(RECORDED INFORMATION Opens)

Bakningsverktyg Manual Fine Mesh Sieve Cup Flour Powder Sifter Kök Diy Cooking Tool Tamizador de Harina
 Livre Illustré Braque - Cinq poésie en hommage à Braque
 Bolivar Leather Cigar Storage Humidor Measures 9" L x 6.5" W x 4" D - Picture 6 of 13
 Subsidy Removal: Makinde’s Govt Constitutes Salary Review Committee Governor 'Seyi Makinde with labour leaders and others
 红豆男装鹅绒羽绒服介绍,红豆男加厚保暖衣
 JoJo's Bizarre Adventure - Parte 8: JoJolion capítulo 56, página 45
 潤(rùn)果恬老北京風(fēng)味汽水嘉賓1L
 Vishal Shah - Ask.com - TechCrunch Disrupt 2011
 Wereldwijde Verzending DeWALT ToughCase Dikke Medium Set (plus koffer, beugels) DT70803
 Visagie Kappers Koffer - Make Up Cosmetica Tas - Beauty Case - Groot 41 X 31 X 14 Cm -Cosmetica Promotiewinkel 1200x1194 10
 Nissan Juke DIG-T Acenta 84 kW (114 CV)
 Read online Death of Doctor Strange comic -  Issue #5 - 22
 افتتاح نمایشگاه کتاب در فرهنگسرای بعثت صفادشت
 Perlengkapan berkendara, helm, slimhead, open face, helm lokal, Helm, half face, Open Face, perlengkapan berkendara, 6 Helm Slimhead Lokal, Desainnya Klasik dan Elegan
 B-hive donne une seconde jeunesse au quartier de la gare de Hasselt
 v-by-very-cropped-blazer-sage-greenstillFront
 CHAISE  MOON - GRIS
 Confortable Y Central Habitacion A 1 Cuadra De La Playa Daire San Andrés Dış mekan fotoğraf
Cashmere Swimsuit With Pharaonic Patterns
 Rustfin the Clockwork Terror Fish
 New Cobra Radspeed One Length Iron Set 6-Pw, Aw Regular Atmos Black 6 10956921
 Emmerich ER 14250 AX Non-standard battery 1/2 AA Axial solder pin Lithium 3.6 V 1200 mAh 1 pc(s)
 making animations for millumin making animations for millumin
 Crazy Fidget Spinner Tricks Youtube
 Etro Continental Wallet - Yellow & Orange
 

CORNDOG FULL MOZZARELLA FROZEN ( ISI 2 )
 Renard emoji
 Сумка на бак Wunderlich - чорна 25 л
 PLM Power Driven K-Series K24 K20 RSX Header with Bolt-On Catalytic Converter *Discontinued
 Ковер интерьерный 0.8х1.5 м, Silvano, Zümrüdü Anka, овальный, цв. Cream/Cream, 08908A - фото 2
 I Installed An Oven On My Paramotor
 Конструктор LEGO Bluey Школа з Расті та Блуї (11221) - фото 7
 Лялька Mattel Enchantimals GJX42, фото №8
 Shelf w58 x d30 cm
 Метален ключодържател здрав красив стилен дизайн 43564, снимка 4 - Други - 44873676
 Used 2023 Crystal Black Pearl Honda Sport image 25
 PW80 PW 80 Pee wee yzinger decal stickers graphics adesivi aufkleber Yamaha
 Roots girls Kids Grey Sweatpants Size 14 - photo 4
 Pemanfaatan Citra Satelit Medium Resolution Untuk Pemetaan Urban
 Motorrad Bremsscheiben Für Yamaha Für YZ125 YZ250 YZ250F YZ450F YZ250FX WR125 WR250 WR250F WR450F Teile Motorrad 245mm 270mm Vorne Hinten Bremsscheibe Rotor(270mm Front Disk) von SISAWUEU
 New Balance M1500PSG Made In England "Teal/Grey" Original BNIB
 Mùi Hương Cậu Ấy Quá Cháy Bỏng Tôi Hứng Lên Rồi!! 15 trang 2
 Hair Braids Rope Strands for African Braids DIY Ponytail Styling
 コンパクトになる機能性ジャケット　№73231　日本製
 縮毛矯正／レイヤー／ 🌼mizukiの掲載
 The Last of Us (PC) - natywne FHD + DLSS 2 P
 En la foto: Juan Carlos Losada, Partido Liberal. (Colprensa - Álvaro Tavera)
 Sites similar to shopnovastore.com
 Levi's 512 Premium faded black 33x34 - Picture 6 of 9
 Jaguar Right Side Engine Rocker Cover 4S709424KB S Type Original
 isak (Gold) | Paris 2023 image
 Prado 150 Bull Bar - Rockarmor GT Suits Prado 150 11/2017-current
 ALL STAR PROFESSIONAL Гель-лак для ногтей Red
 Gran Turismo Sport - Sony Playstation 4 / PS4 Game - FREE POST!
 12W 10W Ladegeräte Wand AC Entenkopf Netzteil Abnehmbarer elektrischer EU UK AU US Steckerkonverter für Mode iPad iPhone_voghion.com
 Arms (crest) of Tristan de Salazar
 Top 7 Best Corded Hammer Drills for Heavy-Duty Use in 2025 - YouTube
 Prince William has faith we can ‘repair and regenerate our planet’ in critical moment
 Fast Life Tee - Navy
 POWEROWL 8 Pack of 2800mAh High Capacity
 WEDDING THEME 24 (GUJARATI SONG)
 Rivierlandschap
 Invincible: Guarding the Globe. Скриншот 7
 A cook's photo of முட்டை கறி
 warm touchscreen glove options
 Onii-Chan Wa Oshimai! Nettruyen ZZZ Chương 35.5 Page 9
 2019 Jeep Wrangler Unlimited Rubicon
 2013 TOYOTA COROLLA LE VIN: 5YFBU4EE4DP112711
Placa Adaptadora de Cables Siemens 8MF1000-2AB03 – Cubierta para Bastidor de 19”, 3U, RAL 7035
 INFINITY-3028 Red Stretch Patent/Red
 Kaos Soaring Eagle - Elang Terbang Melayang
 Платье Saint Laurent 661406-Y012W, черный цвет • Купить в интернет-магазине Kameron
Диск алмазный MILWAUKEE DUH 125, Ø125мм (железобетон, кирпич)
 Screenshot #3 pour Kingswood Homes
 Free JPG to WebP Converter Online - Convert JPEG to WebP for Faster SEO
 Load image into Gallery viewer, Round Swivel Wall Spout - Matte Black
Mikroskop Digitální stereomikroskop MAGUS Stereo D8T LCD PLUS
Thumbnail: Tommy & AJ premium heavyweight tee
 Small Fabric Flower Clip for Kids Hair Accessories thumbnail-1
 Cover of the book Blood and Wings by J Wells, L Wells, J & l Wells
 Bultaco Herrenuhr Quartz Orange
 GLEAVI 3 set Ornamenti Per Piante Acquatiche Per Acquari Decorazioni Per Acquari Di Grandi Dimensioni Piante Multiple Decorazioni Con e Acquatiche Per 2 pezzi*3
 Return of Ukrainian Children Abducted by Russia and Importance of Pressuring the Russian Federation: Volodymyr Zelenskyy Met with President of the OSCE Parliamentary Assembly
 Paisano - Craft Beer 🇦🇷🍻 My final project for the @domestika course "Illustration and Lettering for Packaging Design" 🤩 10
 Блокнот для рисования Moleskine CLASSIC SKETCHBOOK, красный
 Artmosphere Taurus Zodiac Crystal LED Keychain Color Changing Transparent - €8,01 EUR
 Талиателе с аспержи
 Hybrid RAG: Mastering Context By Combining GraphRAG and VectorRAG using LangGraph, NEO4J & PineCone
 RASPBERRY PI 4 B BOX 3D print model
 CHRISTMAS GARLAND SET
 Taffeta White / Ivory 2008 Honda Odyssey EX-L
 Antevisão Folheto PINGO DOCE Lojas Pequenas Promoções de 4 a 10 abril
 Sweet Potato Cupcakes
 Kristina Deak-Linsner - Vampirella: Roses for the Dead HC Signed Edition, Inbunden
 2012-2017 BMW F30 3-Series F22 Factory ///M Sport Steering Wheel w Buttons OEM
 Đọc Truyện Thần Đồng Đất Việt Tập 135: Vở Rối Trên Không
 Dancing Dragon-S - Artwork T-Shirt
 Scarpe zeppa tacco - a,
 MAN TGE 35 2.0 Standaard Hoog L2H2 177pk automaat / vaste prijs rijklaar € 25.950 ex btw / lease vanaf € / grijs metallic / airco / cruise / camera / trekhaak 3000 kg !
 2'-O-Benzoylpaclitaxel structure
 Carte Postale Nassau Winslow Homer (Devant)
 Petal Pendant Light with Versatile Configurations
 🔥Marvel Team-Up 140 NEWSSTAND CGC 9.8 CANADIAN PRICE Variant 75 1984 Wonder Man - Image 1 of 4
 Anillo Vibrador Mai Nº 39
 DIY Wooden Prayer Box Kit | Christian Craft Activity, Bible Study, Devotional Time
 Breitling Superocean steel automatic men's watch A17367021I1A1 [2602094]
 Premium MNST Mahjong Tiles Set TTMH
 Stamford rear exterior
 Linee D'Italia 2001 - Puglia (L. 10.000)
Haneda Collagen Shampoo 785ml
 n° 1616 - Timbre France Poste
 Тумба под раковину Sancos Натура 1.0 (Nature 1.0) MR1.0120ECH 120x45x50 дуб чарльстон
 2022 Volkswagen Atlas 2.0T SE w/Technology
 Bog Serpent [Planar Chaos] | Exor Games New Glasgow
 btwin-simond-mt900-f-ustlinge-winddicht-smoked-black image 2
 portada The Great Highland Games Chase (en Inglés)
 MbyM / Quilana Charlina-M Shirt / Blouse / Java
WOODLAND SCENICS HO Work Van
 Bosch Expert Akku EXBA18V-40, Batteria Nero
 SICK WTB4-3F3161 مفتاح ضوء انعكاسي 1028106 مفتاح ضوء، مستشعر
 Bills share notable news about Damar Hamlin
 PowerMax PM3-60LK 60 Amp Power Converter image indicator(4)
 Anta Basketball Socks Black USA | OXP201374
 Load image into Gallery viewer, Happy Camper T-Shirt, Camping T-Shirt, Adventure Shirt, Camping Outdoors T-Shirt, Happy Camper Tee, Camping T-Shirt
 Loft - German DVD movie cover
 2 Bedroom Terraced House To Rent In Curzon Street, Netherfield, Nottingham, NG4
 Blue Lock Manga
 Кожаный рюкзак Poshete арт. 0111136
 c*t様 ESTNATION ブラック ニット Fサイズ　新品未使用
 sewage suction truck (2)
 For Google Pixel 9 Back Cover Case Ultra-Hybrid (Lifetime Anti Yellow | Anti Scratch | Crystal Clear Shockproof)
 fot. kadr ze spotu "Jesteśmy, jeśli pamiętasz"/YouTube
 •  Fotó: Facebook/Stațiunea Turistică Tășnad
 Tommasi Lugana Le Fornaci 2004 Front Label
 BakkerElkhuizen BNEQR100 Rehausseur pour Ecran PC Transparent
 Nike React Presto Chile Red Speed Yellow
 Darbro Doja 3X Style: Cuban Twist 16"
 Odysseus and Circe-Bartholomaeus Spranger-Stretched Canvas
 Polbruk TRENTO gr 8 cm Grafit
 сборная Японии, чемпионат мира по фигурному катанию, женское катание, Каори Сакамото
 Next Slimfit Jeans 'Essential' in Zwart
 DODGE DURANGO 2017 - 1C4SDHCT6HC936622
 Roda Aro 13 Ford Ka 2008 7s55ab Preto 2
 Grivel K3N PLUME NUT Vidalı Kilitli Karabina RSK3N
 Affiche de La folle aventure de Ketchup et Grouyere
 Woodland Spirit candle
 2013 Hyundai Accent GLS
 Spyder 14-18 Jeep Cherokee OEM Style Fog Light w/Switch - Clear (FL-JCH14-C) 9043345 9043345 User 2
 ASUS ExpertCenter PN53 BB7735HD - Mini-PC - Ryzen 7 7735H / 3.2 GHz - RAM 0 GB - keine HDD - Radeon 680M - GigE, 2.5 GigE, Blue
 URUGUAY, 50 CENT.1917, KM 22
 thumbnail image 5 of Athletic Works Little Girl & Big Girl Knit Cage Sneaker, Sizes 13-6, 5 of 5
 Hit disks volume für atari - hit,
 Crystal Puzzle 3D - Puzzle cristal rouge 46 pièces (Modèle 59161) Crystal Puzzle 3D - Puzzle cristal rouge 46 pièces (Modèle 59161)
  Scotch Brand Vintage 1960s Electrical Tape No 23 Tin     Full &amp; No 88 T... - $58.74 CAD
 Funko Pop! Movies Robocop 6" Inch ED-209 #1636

(RECORDED INFORMATION Closes)

◆ TO DO: Please give again the lines above between the line holding "Confortable Y Central" and the line holding "New Cobra Radspeed", inclusive, exactly as they are and with nothing added.

◆ ANSWER TO THE EXERCISE:
 Confortable Y Central Habitacion A 1 Cuadra De La Playa Daire San Andrés Dış mekan fotoğraf
Cashmere Swimsuit With Pharaonic Patterns
 Rustfin the Clockwork Terror Fish
 New Cobra Radspeed One Length Iron Set 6-Pw, Aw Regular Atmos Black 6 10956921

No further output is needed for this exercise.